Nun endlich erzählt Wolf, wie er sich selber nennt, seine Geschichte. Er ist in seiner Welt der Wächter des Lebensbaums. Dessen Herz ist ein magischer Kristall, der alle Wünsche erfüllen kann und darum die Gier vieler Menschen weckt. Als der Zauberer Yorik das Herz zu stehlen versuchte, verletzte er Wolf, und der Kristall zerbrach in fünf Splitter, die in Mays Welt gelangten. Wolf muss nun die Splitter, die von Baumgeistern bewacht werden, vor Yorik finden, aber die Kräfte des Wächters sind fort, und wenn kein Wunder geschieht, wird seine Heimat untergehen.
May braucht nicht lange zu überlegen. Natürlich will sie Wolf helfen – aber ist sie dieser gefährlichen Aufgabe gewachsen?
Der erste Band von Natalia Wormsbechers Serie „Life Tree’s Guardian“, die auf fünf Bände (fünf Splitter) angelegt ist, beginnt sehr vielversprechend.
Ganz in der Tradition der großen Vorbilder aus Japan hat die Künstlerin ein typisches Setting entworfen, einen Mix aus Schüler-Milieu, Fantasy-Welt und Magical-Girl-Zauber. Auch die Figuren-Konstellation ist entsprechend, denn die Heldin ist ein liebes, tapferes Mädchen, an Mays Seite steht mit June eine treue Freundin, die nach anfänglichem Unglauben ebenfalls helfen will, und natürlich haben beide einen Love-Interest, zum einen Junes Sandkastenfreund Kyle, zum anderen den attraktiven Erik aus dem Leichtathletik-Kurs. Ob es Zufall ist, dass er wie Yorik aussieht? Der Zauberer scheint der gnadenlose Gegenspieler zu sein, und welche Pläne er verfolgt, wird hier noch nicht verraten. Hinzu kommen Wesen wie der Wolf und die Baumgeister, die man ebenso aus Märchen kennt wie die Prüfungen, denen sich May stellen muss. Wieder einmal hängt vom Ausgang der Mission das Schicksal einer ganzen Welt ab.
Auch stilistisch eifert die Künstlerin den Mangaka aus Fernost nach. Ihre Figuren haben große Augen, wehendes Haar und das Kindchenschema, sie tragen Schuluniformen und stehen oft mit nach innen gedrehten Füßen da (weil das niedlich wirkt…), die Personen werden in den Mittelpunkt des Geschehens gerückt, die Hintergründe sind nur ab und zu ausgeführt.

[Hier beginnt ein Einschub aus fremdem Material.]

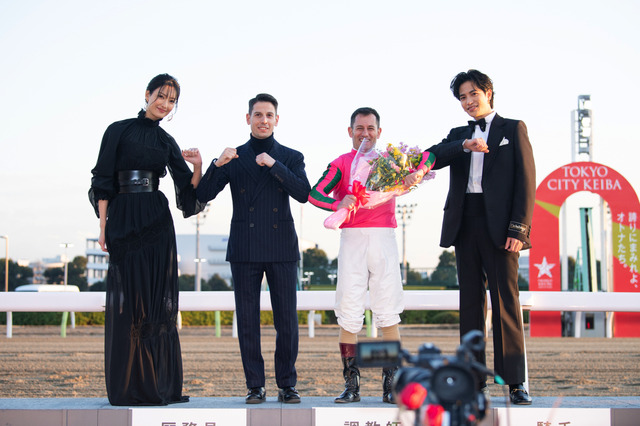 東京大賞典を勝利した M・デムーロ騎手と弟の C・デムーロ騎手、菜々緒、志尊淳との記念撮影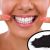 Na czym polega wybielanie zębów węglem?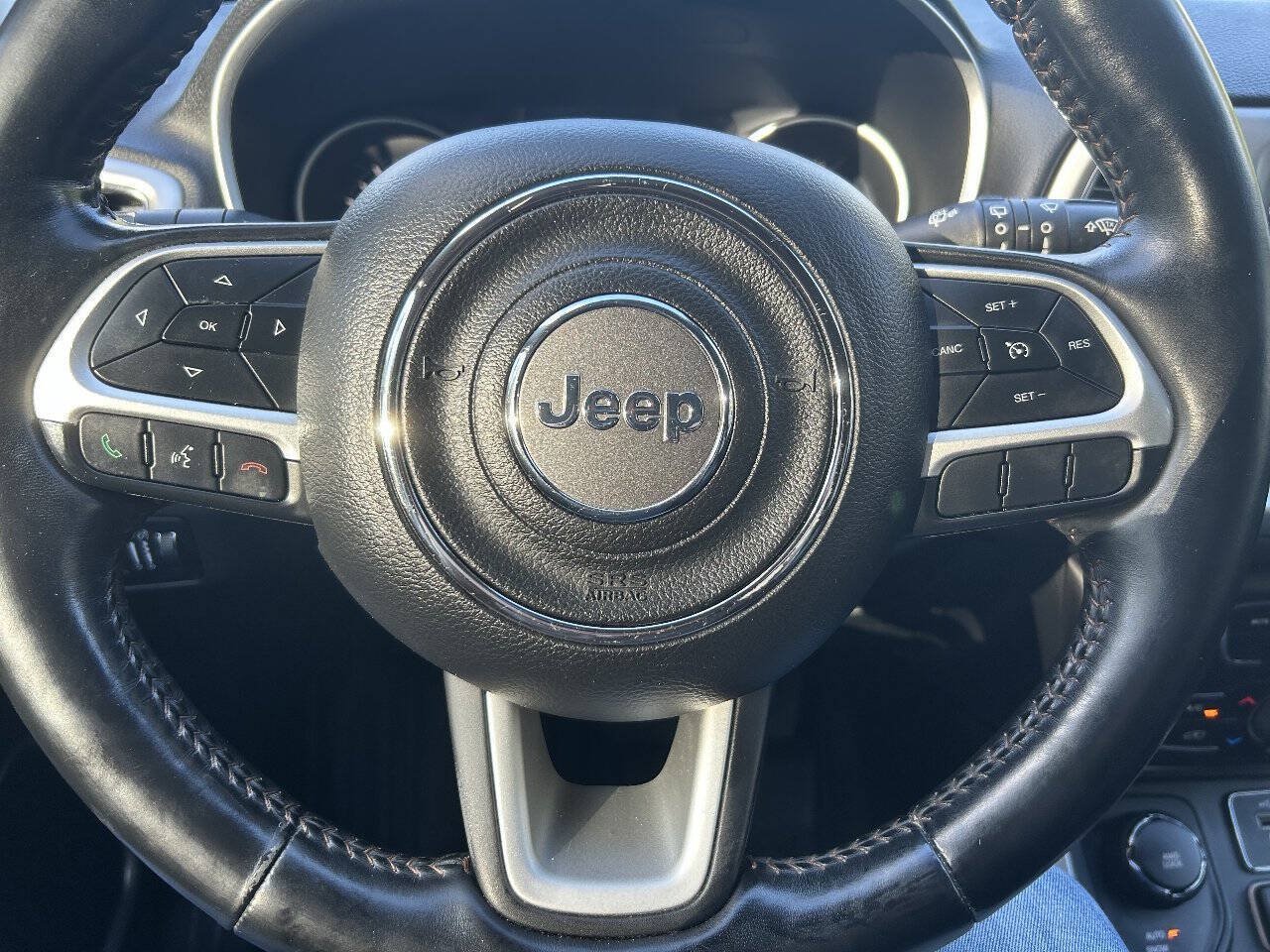 Used 2018 Jeep Compass Latitude w/ Popular Equipment Group AWD/4WD image 16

Vermutlich haben Profis wie Haruka Fukushima, Arina Tanemura, Nana Haruta, Mayu Sakai und andere die romantische School-Comedies mit und ohne phantastische Elemente für Leserinnen ab 12 Jahren zeichnen, mit ihren Werken Pate gestanden.
Mag man dieses Genre und/oder interessiert sich für die Produkte einheimischer Künstler, sollte man „Life Tree’s Guardian“ eine Chance geben, denn Natalia Wormsbecher („Dämonenjunge Lain“, „Summerrain“ etc.) braucht sich nicht zu verstecken und vermag mit ihrer neuen Serie zu überzeugen. Diese entspricht dem, was man es gewohnt ist, und doch ist sie ein bisschen anders. Man darf gespannt sein, wie es weiter gehen wird.